Beberapa Jejak Bangunan di Situs Ratu Boko
Malam sebelumnya saya telah memesan tiket masuk melalui Traveloka seharga Rp 38.400,- per orang. Kami sengaja datang pagi hari ke Situs Ratu Boko karena selanjutnya akan mengunjungi objek wisata lainnya.
Setelah tiket kami discan kami pun memasuki pelataran kecil sebelum naik ke tangga menuju kawasan situs.
Seorang pemandu menawarkan untuk menemani jelajah seluruh kawasan tersebut.
Kami pun mempelajari terlebih dahulu peta besar yang ada di sana.
Waktu itu hari masih pagi langit cerah dan di arah utara tampak Gunung Merapi tinggi menjulang dengan gagahnya.
peta kawasan situs ratu boko
Tak mau menyia-nyiakan kesempatan, pemandu situs, Mas Yulianto, menawarkan untuk mengabadikan momen tersebut.
Lalu kami pun menapaki anak tangga satu demi satu kemudian sampailah di pelataran lagi.
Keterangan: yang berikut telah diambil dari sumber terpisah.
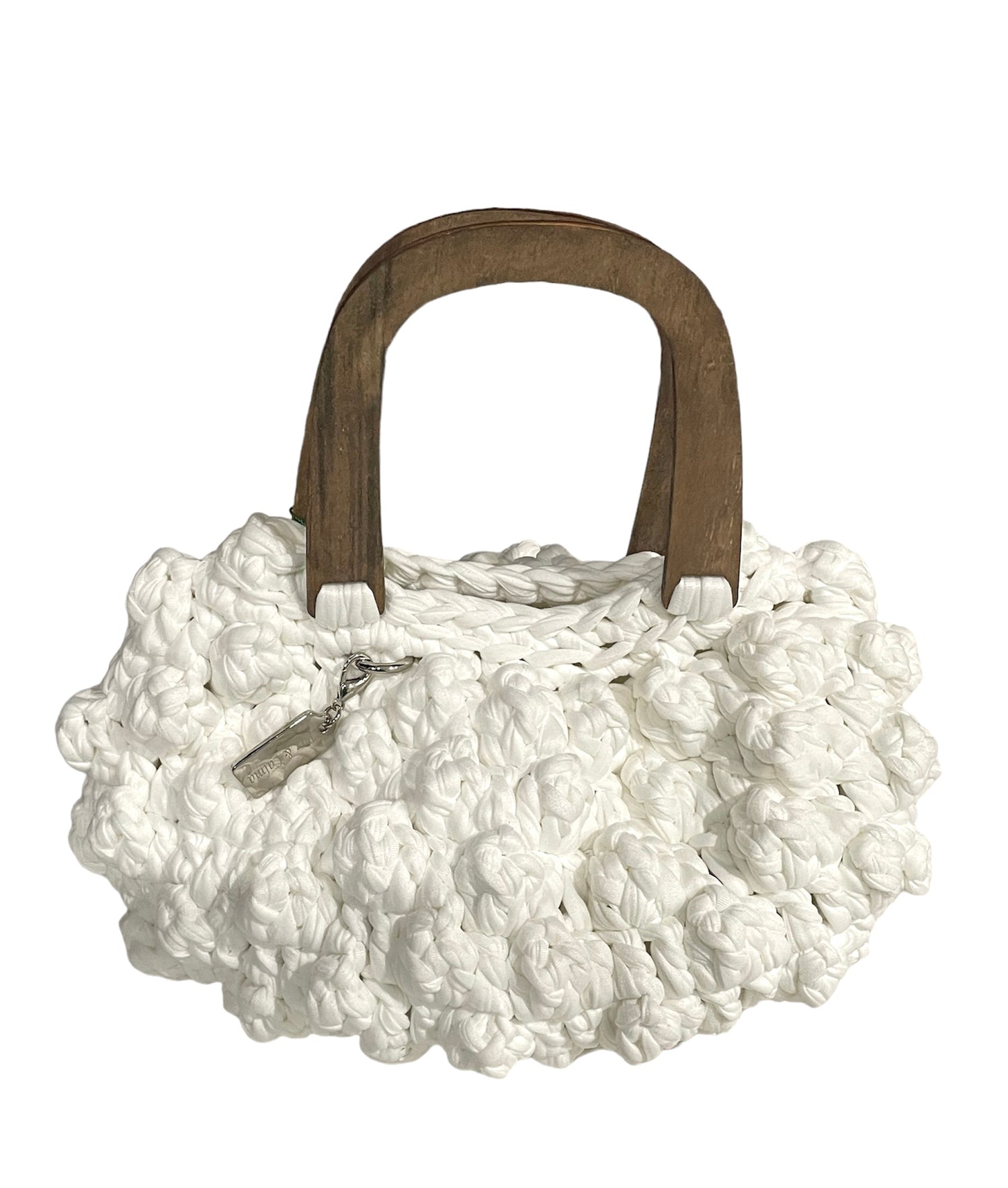 Cloud hand bag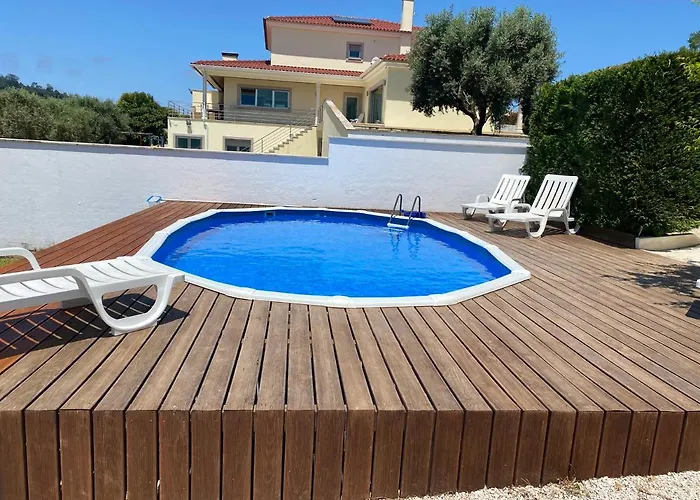 Casa Ameixa * Alcobaca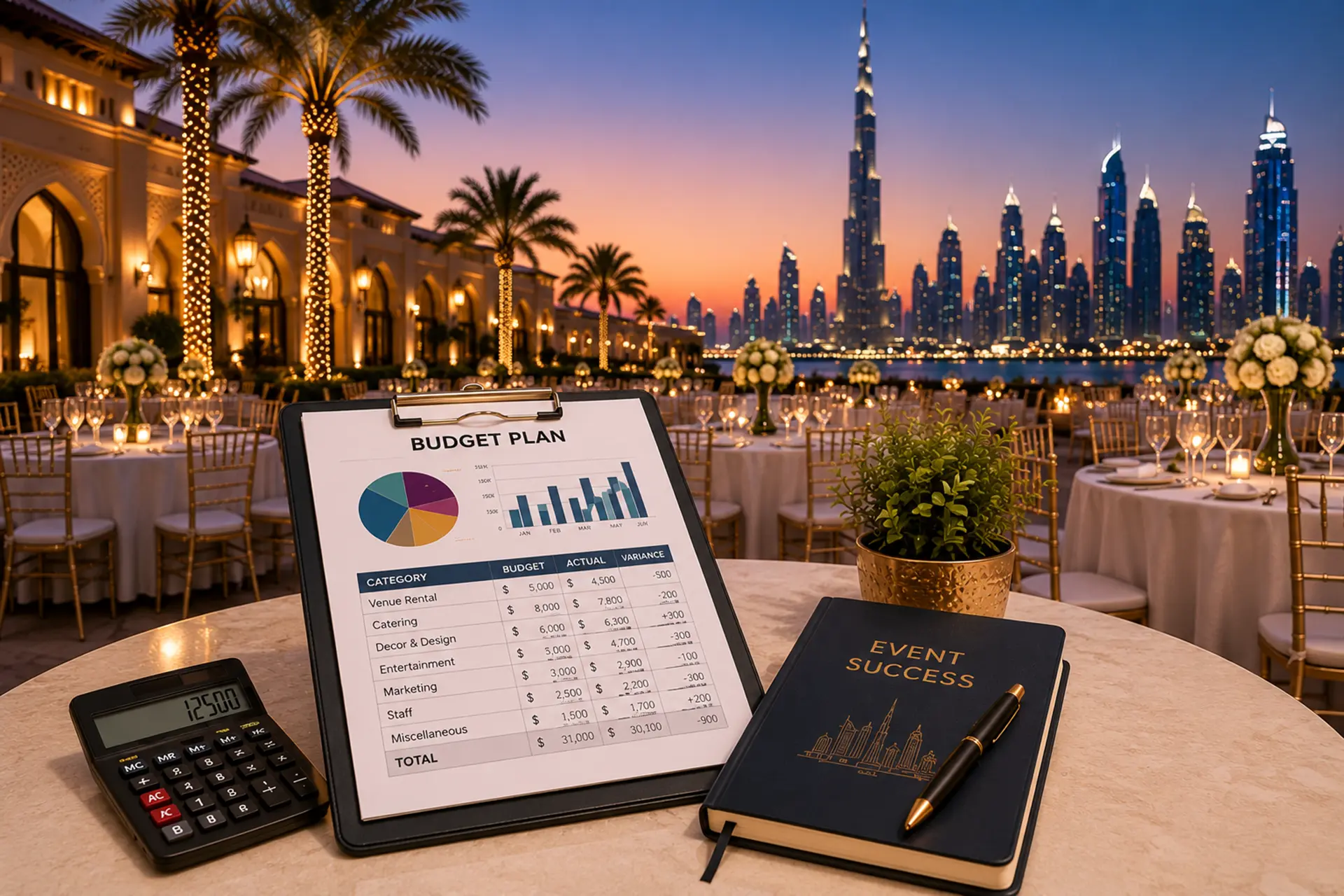 Event-Venue-Budget-Management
foto latarbelakang Gunung Merapi
Sementara menuju gapura utama kawasan yang menjadi ikon Situs Ratu Boko, kami melewati jalan setapak. Di sisi kiri tampak Gunung Merapi, kemudian dikejauhan terlihat Candi Prambanan.
Sedangkan di sisi kanan ada fasilitas rekreasi, berupa gazebo atau pendopo kecil untuk beristirahat dan kolam air mancur.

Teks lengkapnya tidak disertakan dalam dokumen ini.